Muehter was critical of Pace's fundraising, saying it shouldn't take thousands of dollars to win a local election.
Pace, the chief executive officer of Big Brothers Big Sisters Columbia Northwest, said the donations showed that candidates supported her vision for the council.
"More than 13,000 (people) turned out for me and I think that speaks volumes to what kind of candidate they wanted and the values they had," Pace said Tuesday. "I am honored that they chose me."
Pace joins a liberal majority on the Hillsboro City Council. The council is officially nonpartisan, but progressive candidates have swept into office in Hillsboro government over the last few elections.

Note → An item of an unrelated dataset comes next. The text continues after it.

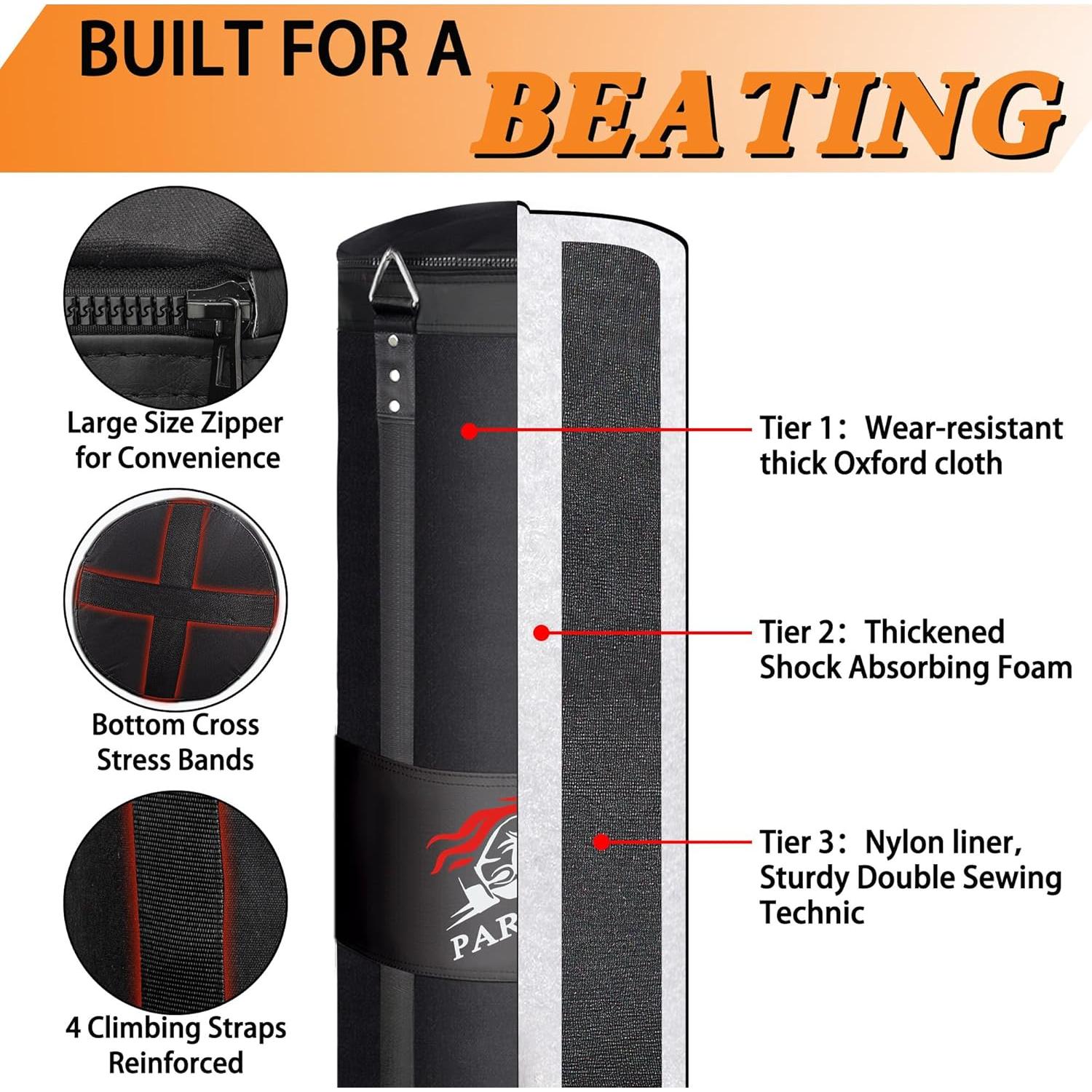 Saco de Boxeo Colgante PARPIQ 4FT + Guantes 12oz + Soporte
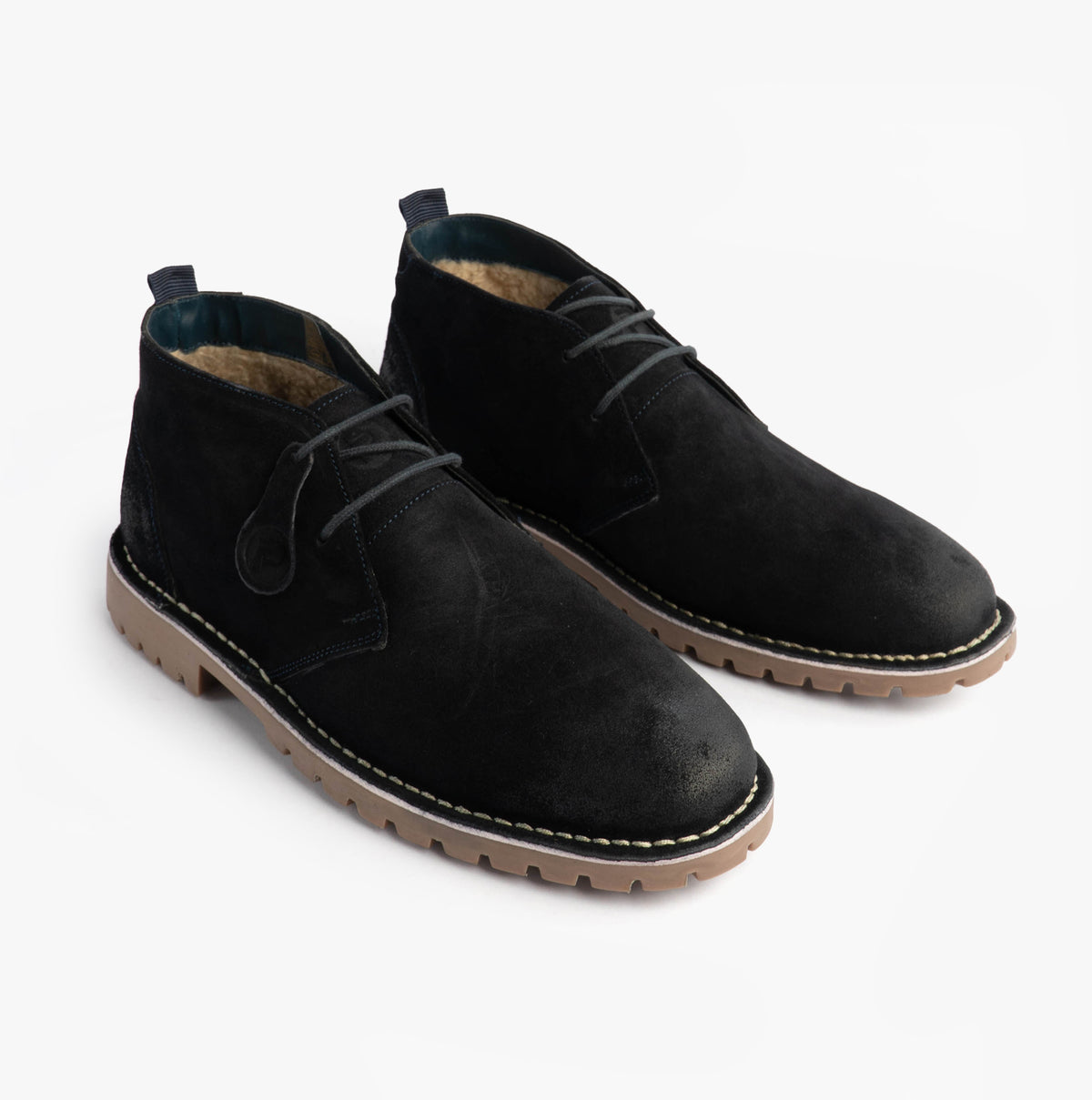 Popps COOPER Mens Desert Boots in Navy, pair shown at a front angle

The council has brought about a series of changes, including the city's sanctuary vote last year and plans to provide high-speed Internet city-wide as a utility.
Two other progressive candidates also retained their seats Tuesday. Alcaire, who was appointed to the council last year, ran unopposed, and secured an easy victory with 97 percent of Tuesday's vote. Allen also cruised through election night, winning against two first-time political opponents.
Unofficial results show Allen claimed 67 percent of Tuesday's vote — or about 18,097 votes — followed by John Shepherd, who claimed 22 percent (6,187 votes) and William Joseph Fields, who received 9 percent, or about 2,600 votes.
"I'm overwhelmed by the support and I'm thankful for the opportunity to continue this work," Allen told Pamplin Media Group on Wednesday. "The outpouring of encouragement for this campaign was humbling and I'm thrilled with the results."
Allen, who works at Virginia Garcia Memorial Health Center in Cornelius, said he plans to focus on issues of affordable housing and walkability.
Allen and Pace were both endorsed by every sitting member of the Hillsboro City Council and the Hillsboro School Board, where Allen's wife serves as a chairwoman.
In a statement to Pamplin Media Group, Shepherd, a technical writer, congratulated Allen on his re-election win.
"May our taxes remain low under his watchful care, our city continue to flourish, and our collective sense of civic responsibility continue to shine," Shepherd wrote.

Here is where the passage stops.